O Barca Velha é “o” vinho mítico de Portugal. Ele nasceu do sonho do enólogo Fernando Nicolau de Almeida de elaborar um tinto tranquilo no Douro, região ao norte do país até então famosa apenas pelo fortificado Vinho do Porto. Suas primeiras safras foram pura aventura, como o périplo de levar pedras de gelo para o Douro Superior, quase na fronteira com a Espanha, e assim controlar a temperatura de sua fermentação. Em 1952, ano da primeira safra do Barca Velha, ainda não havia estradas nem eletricidade neste interior. A luz só chegou na vinícola em 1963.
Desde então, tiveram apenas 20 safras do Barca Velha – a mais recente, de 2011, foi lançada no começo deste mês. Foi um pequeno evento, como mandam as novas regras da quarentena, realizado na Quinta da Leda, onde atualmente são cultivadas as suas uvas, também no Douro Superior. O vinho deve chegar ao Brasil em novembro, com preço de R$ 6.600 a garrafa, importado pela Zahil.
Quando penso no Barca Velha, duas outras histórias se cruzam. A primeira é a da Quinta do Vale Meão. Foi em seu vinhedo que nasceu o Barca Velha e onde Nicolau de Almeida o elaborou até o ano de 1997, quando se aposentou e passou o bastão para o enólogo José Maria Soares Franco.

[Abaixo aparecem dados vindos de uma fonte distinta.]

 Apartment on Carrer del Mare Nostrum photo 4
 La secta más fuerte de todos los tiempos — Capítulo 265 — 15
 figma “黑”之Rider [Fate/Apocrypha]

O Meão pertence aos herdeiros de dona Antónia Ferreira, personagem empreendedora e cheia de histórias na região no século XIX. Quando a Sogrape adquiriu o grupo Ferreira em 1987, levou o vinho, várias das quintas compradas por dona Ferreirinha, mas não este vinhedo. A propriedade ficou com Francisco Olazabal, trineto de dona Ferreirinha, que no início vendia uvas para a Sogrape.
Com o tempo e com o interesse de seu filho, também Francisco Olazabal em enologia, as uvas foram ficando na propriedade e hoje dão origem a outro grande vinho do Douro Superior, o Quinta do Vale Meão (R$ 1.640, na Mistral).

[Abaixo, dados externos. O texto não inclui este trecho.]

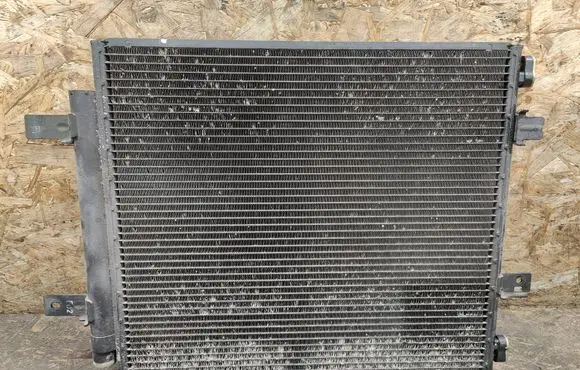 Jaguar XJ X350 Air conditioning (A/C) radiator (interior) 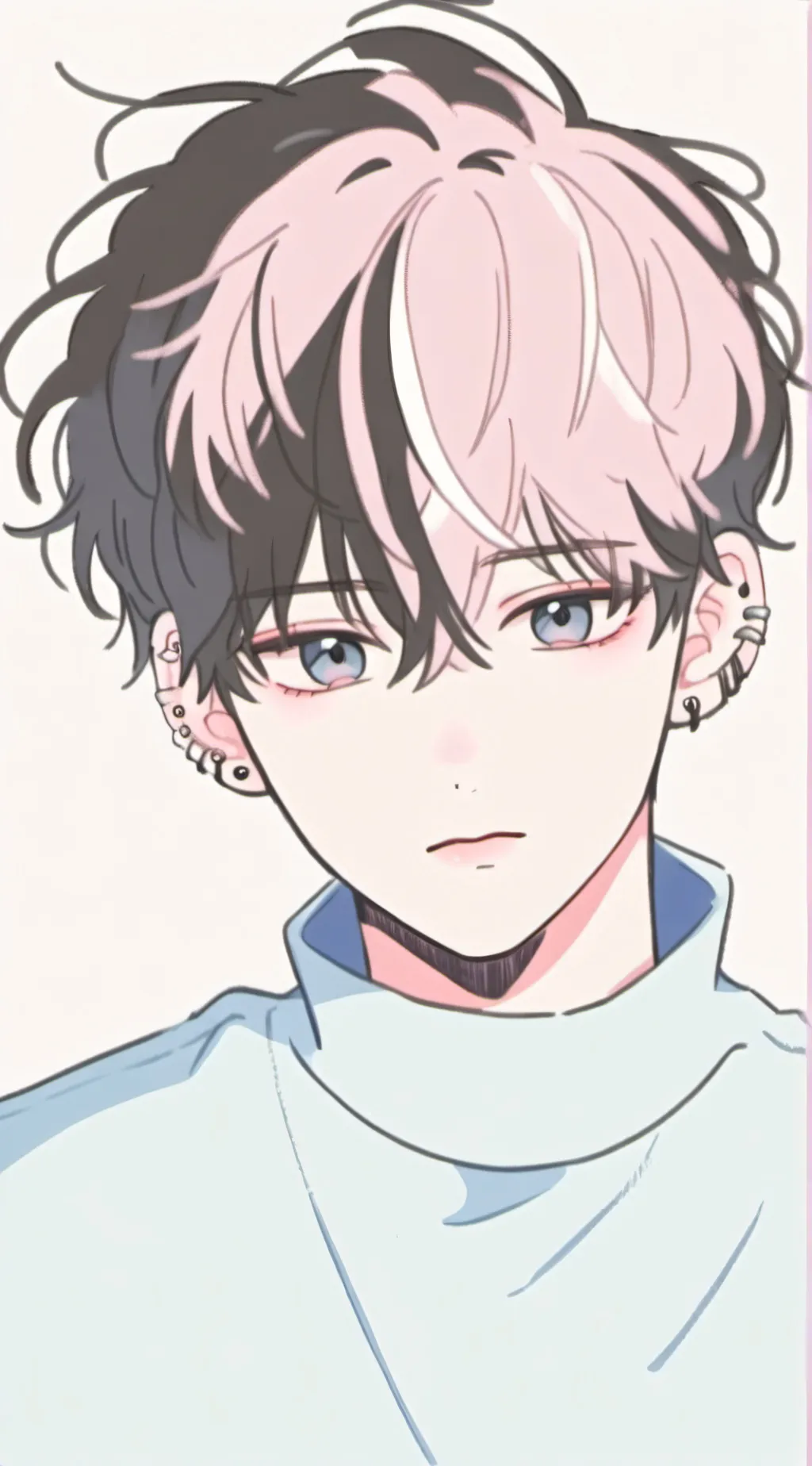 ai character: Kyle 2 background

A terceira história vem com Soares Franco. O enólogo português ficou 20 anos à frente dos projetos da Sogrape, com destaque para o Barca Velha, até passar o cargo para Luís Sottomayor, que segue até hoje no posto. Sempre me intrigou porque um enólogo abre mão de fazer o melhor vinho de Portugal, no auge de sua carreira. Ele saiu da Sogrape para se associar a outro enólogo de renome, o João Portugal Ramos e, juntos, criaram o projeto Duorum.

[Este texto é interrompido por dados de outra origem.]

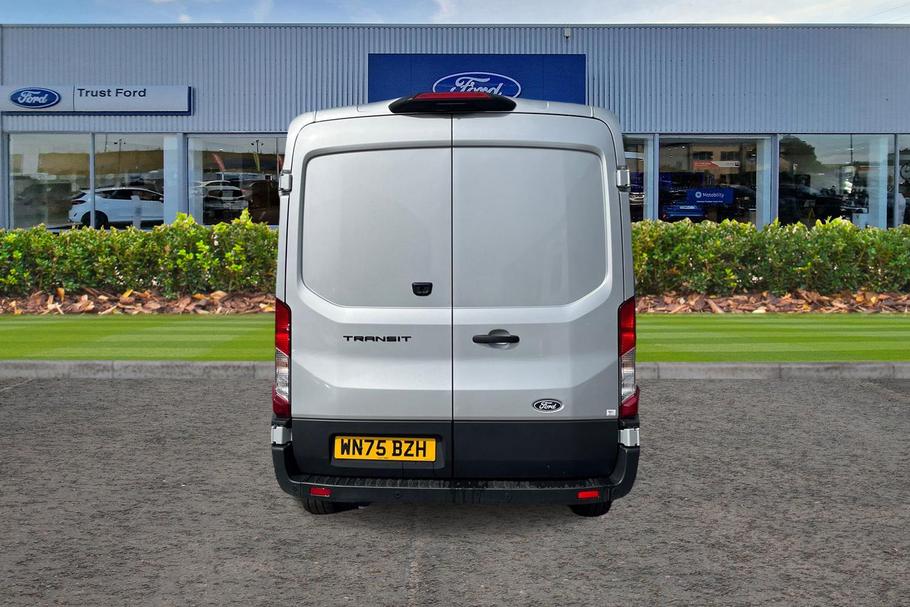 Used FORD TRANSIT WN75BZH 11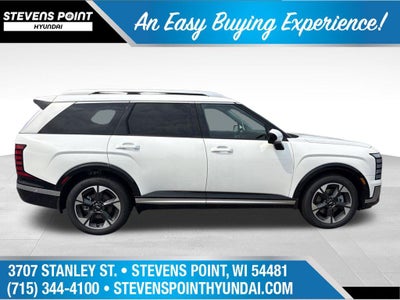 2026 Hyundai Palisade Hybrid Limited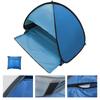 Head Tent Automatic Sun Shade Shelter For Camping UV Protection Canopy For Outdoor Garden Poolside Fishing Hiking Sporting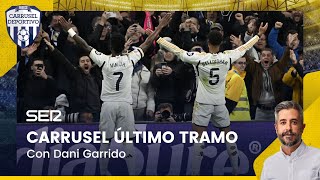 CARRUSEL ÚLTIMO TRAMO  EL REAL MADRID SE LUCE ANTE EL GIRONA Y PREVIA DE LA SUPER BOWL 10022024 [upl. by Palla850]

Soares Franco passou por São Paulo pouco antes da quarentena quando perguntei a ele o porquê da decisão. O enólogo disse que foi a oportunidade de trabalhar com um amigo e de fazer seus próprios vinhos. “Só me arrependo de não ter tomado esta decisão dez anos antes”, contou.
Hoje, o tinto O. Leucura, o rótulo premium da Duorum, cobiça o status do Barca Velha. Com uvas plantadas em um terreno de solo xistoso, também no Douro Superior, é elaborado apenas em safras excepcionais. Seu nome é uma homenagem a um pássaro local.
A partir da próxima safra (atualmente a safra de 2012 é comercializada pela Casa Flora, por RS$ 1.180) a ideia é lançar o O.Leucura apenas depois de sete anos na vinícola, entre o tempo em barrica e em garrafa. É uma filosofia semelhante a do Barca Velha, que vai amadurecendo na vinícola até o enólogo definir se ele será o vinho premium ou se será rotulado como Reserva Especial. Um exemplo é que a safra de 2011 é lançada agora, em 2020.
Em tempo: nem sempre é possível provar os vinhos ícones de cada vinícola, mas há rótulos de valores intermediários que dão uma pista do estilo de cada uma. No Duorum, há o Colheita e o Reserva, com preços de, respectivamente, R$ 195 e R$ 519,90, na Casa Flora. O Meandro é o segundo vinho da Quinta do Vale Meão, vendido por R$ 306, na Mistral, e o Quinta da Leda, elaborado com uvas da mesma propriedade, por um nada acessível R$ 1.819, na Zahil.